Life Stage and Lifestyle
Start by identifying the cat’s
life stage and lifestyle. Kittens, nursing mothers and mature pets are
examples of life stages and each has different nutritional
requirements. All cat foods should state which life stage they are
recommended for.

Nutritional needs also vary depending on lifestyle. A cat that’s
primary activity is guarding the couch doesn’t need as much energy as
one that likes to spend time roaming outside.

Finally, it is important to take into account any special medical
conditions that your cat might have, such as food allergies, which may
require a special diet recommended by your veterinarian.

Dry or Canned?
Once you’ve determined your cat’s life
stage and lifestyle needs, decide whether to feed dry or canned food.
Most cats thrive on only dry food. This type of food promotes oral
hygiene and health through abrasive action. On the other hand, some
cats, especially finicky eaters, prefer the smooth and wet texture of
canned food.

Remember that, while dry food can be left in a bowl all day, canned
food should be thrown away after 30 minutes if not eaten. Dry food is
the best choice for busy people who are not normally home during the
day.

Once you know your pet’s nutritional needs and your pet’s preference, you are ready to go shopping.

Comparing Labels
Because cats need the nutrients found in
animal sources like meat, it’s best to pick a food in which a primary
ingredient (one of the first ones listed) is an animal-based protein
source like chicken, lamb, fish, egg or one of their by-products. 
These ingredients contain all the essential amino acids which aren’t
found in a vegetable-based protein source.

Using a combination of carbohydrates in a diet, such as corn meal or
barley and grain sorghum ensures efficient absorption and helps
maintain energy levels.
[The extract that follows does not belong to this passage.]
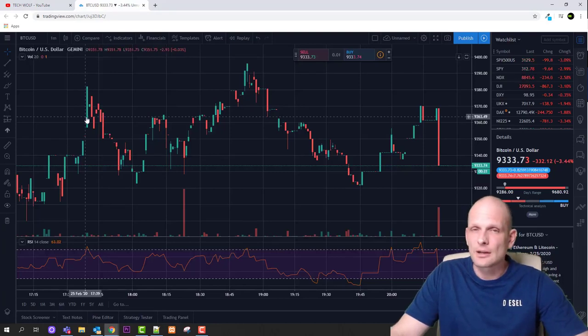The first trading technique is scalp trading. Traders who use scalp trading are known as scalpers.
And beet pulp is an excellent fiber source and
promotes a healthy digestive tract.

For a soft, thick coat and healthy skin, your pet needs fatty acids
like those found in vitamin-rich fish oils and quality fat sources such
as chicken.

Price Comparison
When choosing food, the price on the bag,
while important, is usually not the best consideration. Low price may
indicate cheap ingredients, or ingredients that change as manufacturer
costs fluctuate.

In addition, many lower-priced products have higher daily portions
to provide the same amount of nutrition found in a high-quality diet.
To get a better idea of cost, it is the cost per feeding, not the total
cost, that counts. To figure cost per feeding, divide the total cost by
the number of days the product lasts. For example, for a 20-lb. bag of
food that costs $18.99 and last 30 days, the cost per feeding is $0.63
per day.  For a 20-lb. bag that costs $15.99 and lasts 20 days,
the feeding costs $0.80 per day. So, focusing on the cost per feeding
shows you the real price of each meal.